Fondata a Trieste nel 1907, che a quei tempi faceva parte dell’impero austroungarico, diventata “genovese” nel 1973 con il passaggio alla Nai della famiglia Lollighetti, poi acquisita dalla Navigazione Italiana (con la famiglia Rosina principale azionista-gestore, insieme ad Assicurazioni Generali e Duferco Italia Holding), Premuda è entrata in difficoltà nel 2013, come molte altre compagnie armatoriali italiane che hanno sofferto i postumi della crisi globale. La svolta è avvenuta nel 2017, quando il fondo Pillarstone ha rilevato le posizioni creditorie dei tre istituti maggiormente esposti, Unicredit, Intesa e Carige e, con un aumento di capitale riservato, è arrivato a detenere il 100% delle azioni di Premuda, che successivamente è uscita dalla Borsa. Il fondo fin da subito ha avviato in parallelo sia un processo di rinnovamento della flotta sia di consolidamento settoriale, compiuti nel set-up del Gruppo Finav, che insieme a Premuda costituisce una piattaforma unica nel suo genere in Italia. Nel 2019 sono entrati nella compagnia Marco Fiori (ad di Premuda e Chairman di Finav) ed Enrico Barbieri (cfo di Premuda e a.d. di Finav Holding). I due manager hanno guidato un articolato processo di revisione del modello di business di Premuda e di ammodernamento della flotta. I ricavi su base timecharter equivalent (tce) dell’intera piattaforma gestita da Premuda sono passati da circa 40 milioni di euro nel 2019 a circa 110 milioni di euro nel 2021. Nel 2022 è previsto un ulteriore incremento. Tra il 2019 e oggi la consistenza della flotta è passata da 13 a 29 navi. Nel settore tanker, quello in cui si sono concentrati gli investimenti, da 3 navi (11 anni di età media) a 20 navi (9,5 anni di età media).
– Perché la sostenibilità è importante per il business anche per chi non vende prodotti di largo consumo?

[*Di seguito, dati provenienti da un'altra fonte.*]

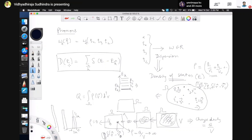This definition involves a Dirac delta function, and if anyone is not familiar with operations on the Dirac delta function that we are going to use, please let me know. There are very nicely written articles on the Dirac delta function that I can refer you to.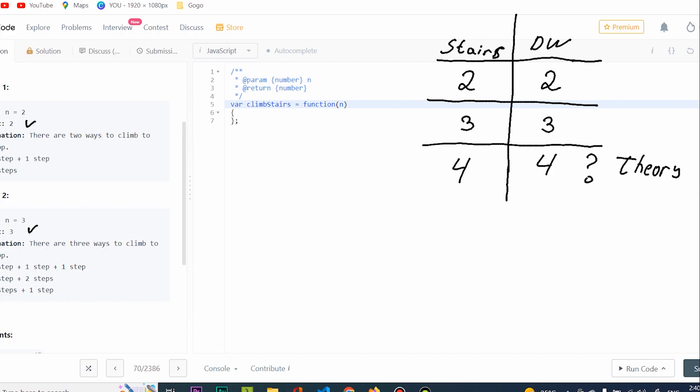I'm going to write four staircases here — four, three, two, one, and zero. Since four is not too big a number, I can actually test how many unique ways I have. I'm going to show you how I would do it with no complete knowledge — just perform brute force, because I have no idea how to start. That's what I did in the beginning.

Barbieri. «In certi settori, in effetti, l’attenzione verso la decarbonizzazione e il cambiamento climatico viene anche dai consumatori e dal mercato. Noi questa pressione non la sentiamo direttamente, però siamo parte integrante di una filiera logistica in cui sono presenti stakeholder globali. Onestamente non tutti hanno lo stesso livello di attenzione ai temi della sostenibilità; alcuni, soprattutto gli operatori di prima fascia – come certe oil major o certi primari trader – esprimono già oggi una fortissima attenzione a questi temi. Altri, magari operanti nei paesi emergenti, dimostrano minore sensibilità. Premuda comunque non ha aspettato di essere sollecitata dagli stakeholder più esigenti in fatto di sostenibilità ma si è mossa in tempi nono sospetti anche alla luce dei cambiamenti regolatori previsti, come l’inclusione del settore marittimo nel Eu-Ets».
– Come?
Barbieri. «Nel nostro business è determinante, dal punto di vista delle emissioni, lo status quo della flotta, e in primis l’efficienza nei consumi. Rinnovare, cioè immettere in flotta navi più performanti, per un armatore è una cosa buona a prescindere ma è anche il fattore chiave quando si parla di strategia Esg. Le navi più moderne sono più performanti ed ecologiche perché producono minori emissioni. Il nostro progetto prende le mosse da un consolidamento settoriale che ha riunito in capo a Premuda navi di seconda mano, non progettate e non costruite da noi. A valle di un attenta review tecnica-commerciale di questo naviglio, nel tempo abbiamo individuato varie aree di miglioramento, che vanno dal semplice studio di un retrofit fino all’eventuale decisione di dismettere tonnellaggio obsoleto per reinvestire in qualcosa di più moderno. Questo processo da un punto di vista commerciale ci permette oggi di essere più appetibili, perché gli operatori di primo standing oggi, quando pianificano le loro coperture in termini di capacità e di logistica, danno priorità assoluta a navi “eco” o “super-eco”. Inoltre, nel nostro settore come in altri, anche il settore finanziario si dimostra sempre più attento a queste tematiche e infatti abbiamo da poco perfezionato un finanziamento in pool da 65 milioni con due primarie banche europee che hanno sostenuto il nostro progetto nella misura in cui esso era finalizzato a rinnovamento della flotta e ad un miglioramento del suo profilo Esg».
– In che modo avete attuato il rinnovo della flotta?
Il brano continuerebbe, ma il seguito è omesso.